- _Exercise instructions_: From the listing below, output only the lines starting at the line that has "This is a photo" and ending at the line that has "25807 North Beers", exactly as they appear, ends included.
Provided records START
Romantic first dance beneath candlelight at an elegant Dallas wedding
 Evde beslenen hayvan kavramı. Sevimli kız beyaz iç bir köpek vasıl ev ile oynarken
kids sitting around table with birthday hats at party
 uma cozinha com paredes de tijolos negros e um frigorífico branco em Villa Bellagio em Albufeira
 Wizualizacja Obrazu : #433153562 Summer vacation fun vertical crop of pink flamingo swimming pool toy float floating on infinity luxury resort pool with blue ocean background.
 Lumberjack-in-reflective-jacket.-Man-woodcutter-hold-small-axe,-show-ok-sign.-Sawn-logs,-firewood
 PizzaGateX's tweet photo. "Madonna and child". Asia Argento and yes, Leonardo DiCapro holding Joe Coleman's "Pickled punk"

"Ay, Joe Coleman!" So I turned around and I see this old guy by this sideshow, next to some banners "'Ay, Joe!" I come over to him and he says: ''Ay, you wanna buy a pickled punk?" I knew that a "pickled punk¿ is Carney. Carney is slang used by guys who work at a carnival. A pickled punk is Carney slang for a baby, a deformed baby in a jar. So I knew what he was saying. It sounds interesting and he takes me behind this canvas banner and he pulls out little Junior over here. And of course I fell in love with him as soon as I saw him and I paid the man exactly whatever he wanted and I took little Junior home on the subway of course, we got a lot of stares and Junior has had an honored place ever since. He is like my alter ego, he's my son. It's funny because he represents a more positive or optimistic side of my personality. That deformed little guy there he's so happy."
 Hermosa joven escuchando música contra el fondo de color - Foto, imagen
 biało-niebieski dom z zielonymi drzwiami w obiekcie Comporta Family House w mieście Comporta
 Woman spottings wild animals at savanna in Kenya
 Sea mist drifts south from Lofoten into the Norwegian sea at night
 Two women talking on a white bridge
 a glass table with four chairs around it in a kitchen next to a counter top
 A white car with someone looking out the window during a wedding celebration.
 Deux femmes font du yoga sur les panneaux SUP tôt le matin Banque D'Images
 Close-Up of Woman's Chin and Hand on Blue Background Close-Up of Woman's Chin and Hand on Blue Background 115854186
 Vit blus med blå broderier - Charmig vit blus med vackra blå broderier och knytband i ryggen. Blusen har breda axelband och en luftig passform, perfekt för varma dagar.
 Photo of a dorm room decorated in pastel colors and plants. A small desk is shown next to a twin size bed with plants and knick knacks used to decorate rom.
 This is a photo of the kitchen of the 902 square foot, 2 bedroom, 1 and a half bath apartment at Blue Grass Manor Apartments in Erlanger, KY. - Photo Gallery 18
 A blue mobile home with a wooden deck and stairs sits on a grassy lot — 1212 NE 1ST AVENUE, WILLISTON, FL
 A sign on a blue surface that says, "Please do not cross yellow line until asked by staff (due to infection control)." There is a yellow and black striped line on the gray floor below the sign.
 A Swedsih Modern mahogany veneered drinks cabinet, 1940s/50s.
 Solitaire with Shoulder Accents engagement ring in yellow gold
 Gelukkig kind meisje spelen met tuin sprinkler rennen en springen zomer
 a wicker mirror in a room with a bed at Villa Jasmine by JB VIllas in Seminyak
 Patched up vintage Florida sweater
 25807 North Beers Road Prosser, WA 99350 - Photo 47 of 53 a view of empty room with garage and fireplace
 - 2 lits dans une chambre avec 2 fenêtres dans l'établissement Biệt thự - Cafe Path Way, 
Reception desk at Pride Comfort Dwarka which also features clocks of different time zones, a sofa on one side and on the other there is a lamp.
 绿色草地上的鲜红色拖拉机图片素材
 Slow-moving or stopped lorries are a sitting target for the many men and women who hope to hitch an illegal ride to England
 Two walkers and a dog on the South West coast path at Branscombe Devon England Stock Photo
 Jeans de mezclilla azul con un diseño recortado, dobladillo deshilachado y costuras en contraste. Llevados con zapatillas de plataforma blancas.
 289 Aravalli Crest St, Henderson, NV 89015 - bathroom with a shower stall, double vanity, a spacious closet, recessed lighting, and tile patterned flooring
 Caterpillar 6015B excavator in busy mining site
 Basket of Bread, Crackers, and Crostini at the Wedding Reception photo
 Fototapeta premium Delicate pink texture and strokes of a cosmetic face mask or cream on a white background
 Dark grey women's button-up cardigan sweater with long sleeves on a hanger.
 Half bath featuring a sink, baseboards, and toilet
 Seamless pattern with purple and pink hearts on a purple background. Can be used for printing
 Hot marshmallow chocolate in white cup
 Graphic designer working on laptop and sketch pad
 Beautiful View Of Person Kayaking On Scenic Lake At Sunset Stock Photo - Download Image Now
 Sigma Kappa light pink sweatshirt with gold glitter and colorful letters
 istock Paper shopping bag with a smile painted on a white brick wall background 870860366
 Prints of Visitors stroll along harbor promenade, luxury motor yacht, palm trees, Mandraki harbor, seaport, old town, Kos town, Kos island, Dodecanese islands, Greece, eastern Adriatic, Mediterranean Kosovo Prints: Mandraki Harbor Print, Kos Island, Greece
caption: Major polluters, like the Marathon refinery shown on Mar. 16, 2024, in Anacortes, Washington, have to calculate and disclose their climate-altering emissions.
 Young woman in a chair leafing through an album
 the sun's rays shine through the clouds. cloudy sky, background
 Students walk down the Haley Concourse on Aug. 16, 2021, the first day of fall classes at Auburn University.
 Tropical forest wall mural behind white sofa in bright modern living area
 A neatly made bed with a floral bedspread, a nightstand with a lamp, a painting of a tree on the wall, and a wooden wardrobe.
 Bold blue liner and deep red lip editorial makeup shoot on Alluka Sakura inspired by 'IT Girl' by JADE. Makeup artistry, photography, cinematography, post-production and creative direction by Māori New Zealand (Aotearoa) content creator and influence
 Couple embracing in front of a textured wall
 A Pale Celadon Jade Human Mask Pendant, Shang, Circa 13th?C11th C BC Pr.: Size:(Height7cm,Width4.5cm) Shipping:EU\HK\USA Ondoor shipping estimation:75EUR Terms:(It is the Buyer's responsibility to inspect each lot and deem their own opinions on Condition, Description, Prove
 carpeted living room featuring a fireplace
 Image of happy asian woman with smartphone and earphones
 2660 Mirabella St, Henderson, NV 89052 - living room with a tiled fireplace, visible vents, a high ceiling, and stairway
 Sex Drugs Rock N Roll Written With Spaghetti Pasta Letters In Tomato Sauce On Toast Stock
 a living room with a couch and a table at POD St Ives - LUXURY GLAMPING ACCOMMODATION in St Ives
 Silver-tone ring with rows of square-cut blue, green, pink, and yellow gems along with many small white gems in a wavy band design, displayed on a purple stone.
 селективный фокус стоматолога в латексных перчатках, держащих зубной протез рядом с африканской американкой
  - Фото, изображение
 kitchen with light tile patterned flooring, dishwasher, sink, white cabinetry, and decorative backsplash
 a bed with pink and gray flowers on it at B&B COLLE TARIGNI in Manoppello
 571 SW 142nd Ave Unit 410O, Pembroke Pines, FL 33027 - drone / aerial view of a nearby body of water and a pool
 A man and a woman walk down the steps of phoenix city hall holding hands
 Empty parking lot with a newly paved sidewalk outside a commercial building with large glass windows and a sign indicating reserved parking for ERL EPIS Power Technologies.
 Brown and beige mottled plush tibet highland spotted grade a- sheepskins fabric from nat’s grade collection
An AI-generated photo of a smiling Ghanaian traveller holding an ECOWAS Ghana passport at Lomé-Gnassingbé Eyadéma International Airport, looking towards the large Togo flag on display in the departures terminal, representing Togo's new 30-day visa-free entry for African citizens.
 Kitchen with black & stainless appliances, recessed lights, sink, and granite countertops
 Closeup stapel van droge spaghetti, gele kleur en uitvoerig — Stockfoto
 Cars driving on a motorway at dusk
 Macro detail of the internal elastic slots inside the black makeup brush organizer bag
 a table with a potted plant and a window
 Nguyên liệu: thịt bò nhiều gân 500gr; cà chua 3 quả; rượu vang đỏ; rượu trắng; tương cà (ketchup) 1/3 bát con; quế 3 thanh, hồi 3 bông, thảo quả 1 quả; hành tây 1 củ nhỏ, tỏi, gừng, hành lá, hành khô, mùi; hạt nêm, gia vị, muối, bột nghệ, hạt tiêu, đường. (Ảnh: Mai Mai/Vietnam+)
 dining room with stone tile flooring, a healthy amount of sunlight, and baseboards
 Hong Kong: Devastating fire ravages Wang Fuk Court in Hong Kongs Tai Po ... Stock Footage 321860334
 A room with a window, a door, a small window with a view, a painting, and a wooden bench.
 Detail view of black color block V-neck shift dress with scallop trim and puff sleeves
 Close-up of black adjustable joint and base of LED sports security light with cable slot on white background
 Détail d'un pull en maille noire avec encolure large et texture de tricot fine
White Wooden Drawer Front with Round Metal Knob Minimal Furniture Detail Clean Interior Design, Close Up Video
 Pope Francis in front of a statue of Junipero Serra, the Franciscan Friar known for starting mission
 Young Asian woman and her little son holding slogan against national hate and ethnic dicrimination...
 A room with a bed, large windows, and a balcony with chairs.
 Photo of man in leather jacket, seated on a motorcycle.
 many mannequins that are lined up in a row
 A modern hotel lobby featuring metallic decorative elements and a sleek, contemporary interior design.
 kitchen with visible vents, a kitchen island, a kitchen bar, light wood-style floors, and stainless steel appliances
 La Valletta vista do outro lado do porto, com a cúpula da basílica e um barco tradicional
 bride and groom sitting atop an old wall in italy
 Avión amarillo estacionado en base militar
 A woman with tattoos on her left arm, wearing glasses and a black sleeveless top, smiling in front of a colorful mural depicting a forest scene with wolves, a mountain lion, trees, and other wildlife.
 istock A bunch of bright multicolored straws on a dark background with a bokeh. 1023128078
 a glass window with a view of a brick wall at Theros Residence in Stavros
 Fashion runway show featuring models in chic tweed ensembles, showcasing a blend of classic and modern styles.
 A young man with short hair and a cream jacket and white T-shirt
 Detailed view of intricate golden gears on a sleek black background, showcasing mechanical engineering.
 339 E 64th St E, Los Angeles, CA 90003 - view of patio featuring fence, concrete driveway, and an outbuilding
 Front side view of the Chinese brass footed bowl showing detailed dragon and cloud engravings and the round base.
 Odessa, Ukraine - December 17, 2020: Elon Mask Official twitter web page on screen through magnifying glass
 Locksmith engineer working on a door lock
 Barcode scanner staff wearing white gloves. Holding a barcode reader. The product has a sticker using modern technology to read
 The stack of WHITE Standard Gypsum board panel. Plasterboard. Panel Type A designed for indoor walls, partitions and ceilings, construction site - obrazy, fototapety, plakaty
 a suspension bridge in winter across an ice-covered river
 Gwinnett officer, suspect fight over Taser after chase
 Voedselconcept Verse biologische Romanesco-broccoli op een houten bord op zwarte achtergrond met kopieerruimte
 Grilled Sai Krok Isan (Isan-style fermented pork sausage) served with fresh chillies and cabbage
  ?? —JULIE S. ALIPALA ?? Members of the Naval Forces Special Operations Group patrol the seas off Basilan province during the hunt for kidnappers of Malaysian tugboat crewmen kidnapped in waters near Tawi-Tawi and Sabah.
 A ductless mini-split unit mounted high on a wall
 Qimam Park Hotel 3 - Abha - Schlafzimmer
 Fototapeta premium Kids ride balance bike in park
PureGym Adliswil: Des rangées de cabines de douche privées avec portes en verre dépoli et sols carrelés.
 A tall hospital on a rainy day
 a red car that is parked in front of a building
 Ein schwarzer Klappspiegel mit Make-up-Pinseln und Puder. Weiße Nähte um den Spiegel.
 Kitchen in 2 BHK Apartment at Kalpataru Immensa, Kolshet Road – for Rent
Provided records END
- _Expected answer_:
 This is a photo of the kitchen of the 902 square foot, 2 bedroom, 1 and a half bath apartment at Blue Grass Manor Apartments in Erlanger, KY. - Photo Gallery 18
 A blue mobile home with a wooden deck and stairs sits on a grassy lot — 1212 NE 1ST AVENUE, WILLISTON, FL
 A sign on a blue surface that says, "Please do not cross yellow line until asked by staff (due to infection control)." There is a yellow and black striped line on the gray floor below the sign.
 A Swedsih Modern mahogany veneered drinks cabinet, 1940s/50s.
 Solitaire with Shoulder Accents engagement ring in yellow gold
 Gelukkig kind meisje spelen met tuin sprinkler rennen en springen zomer
 a wicker mirror in a room with a bed at Villa Jasmine by JB VIllas in Seminyak
 Patched up vintage Florida sweater
 25807 North Beers Road Prosser, WA 99350 - Photo 47 of 53 a view of empty room with garage and fireplace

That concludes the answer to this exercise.